Sobre sus cabezas, en la habitación del piso superior, el parqué crujió.

Antes de convertirse a la fe de madre Grace, cuando él era todavía un ladrón que iba hurtando todo cuanto podía a lo largo del camino hacia el infierno, O’Hara habría pensado al oír aquel crujido que era un mero reajuste de la madera, uno de los múltiples e insignificantes sonidos que las casas vacías producen al dilatarse o contraerse las maderas a causa de la humedad o sequedad del ambiente. Pero aquella noche tenía el convencimiento de que allí no había reajuste alguno.

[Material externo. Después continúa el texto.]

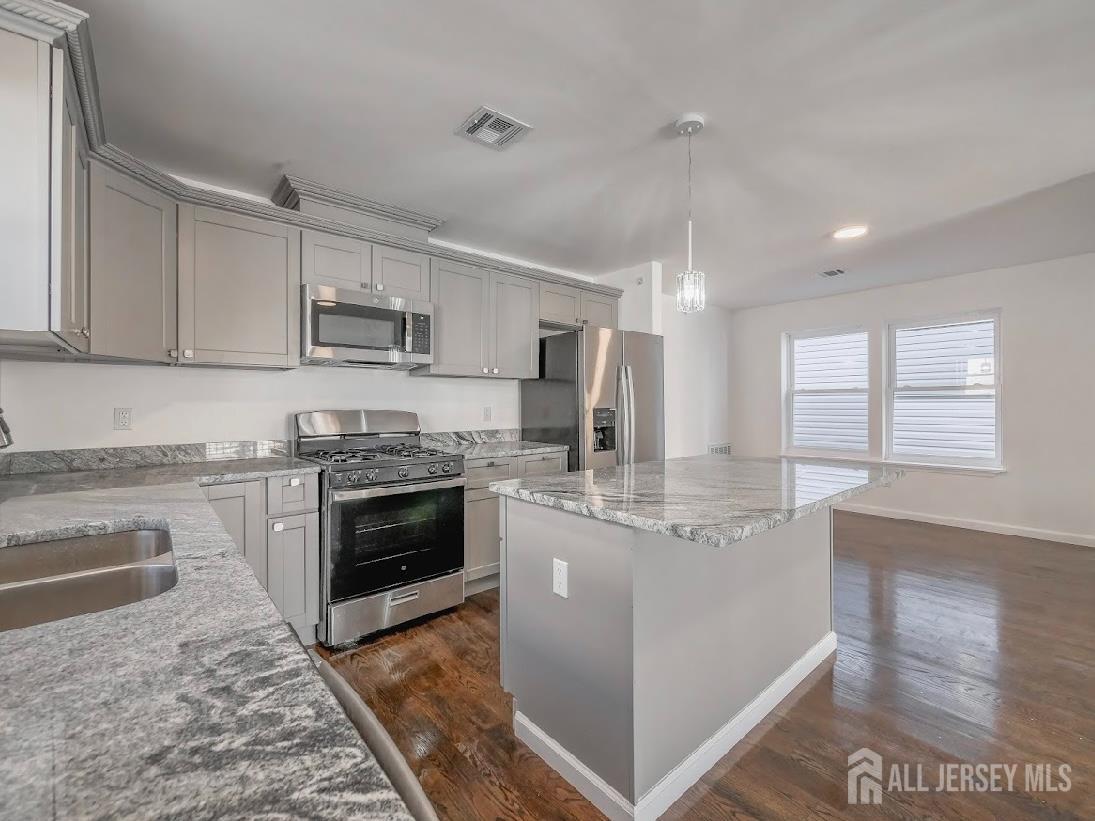 496 South 18th Street, Unit 2 Newark, NJ 07103 - Photo 10 of 15 a kitchen with kitchen island granite countertop a stove sink and cabinets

Sus viejos amigos y algunos de sus familiares le decían que se había vuelto un paranoico desde su incorporación a la Iglesia del Crepúsculo. Ellos no lo entendían, eso era todo. Su comportamiento parecía paranoico porque él había visto la verdad tal como la enseñaba madre Grace, mientras que ni sus amistades ni sus parientes tuvieron la fortuna de ser salvados. A él se le habían abierto los ojos; los de ellos seguían ciegos.

Más crujidos arriba.

—Nuestra fe es una coraza —dijo estremecido Baumberg—. No nos atrevamos a dudarlo.

—La Madre nos ha provisto con una coraza —corroboró O’Hara.

Criiiooooaaac.

—Estamos haciendo la obra de Dios —afirmó Baumberg desafiando a la oscuridad que llenaba la casa.

O’Hara encendió la linterna cubriéndola con la otra mano al objeto de tener sólo la luz indispensable para verse sin correr el riesgo de que los descubriesen desde fuera.

Baumberg le siguió y ambos marcharon escaleras arriba al segundo piso.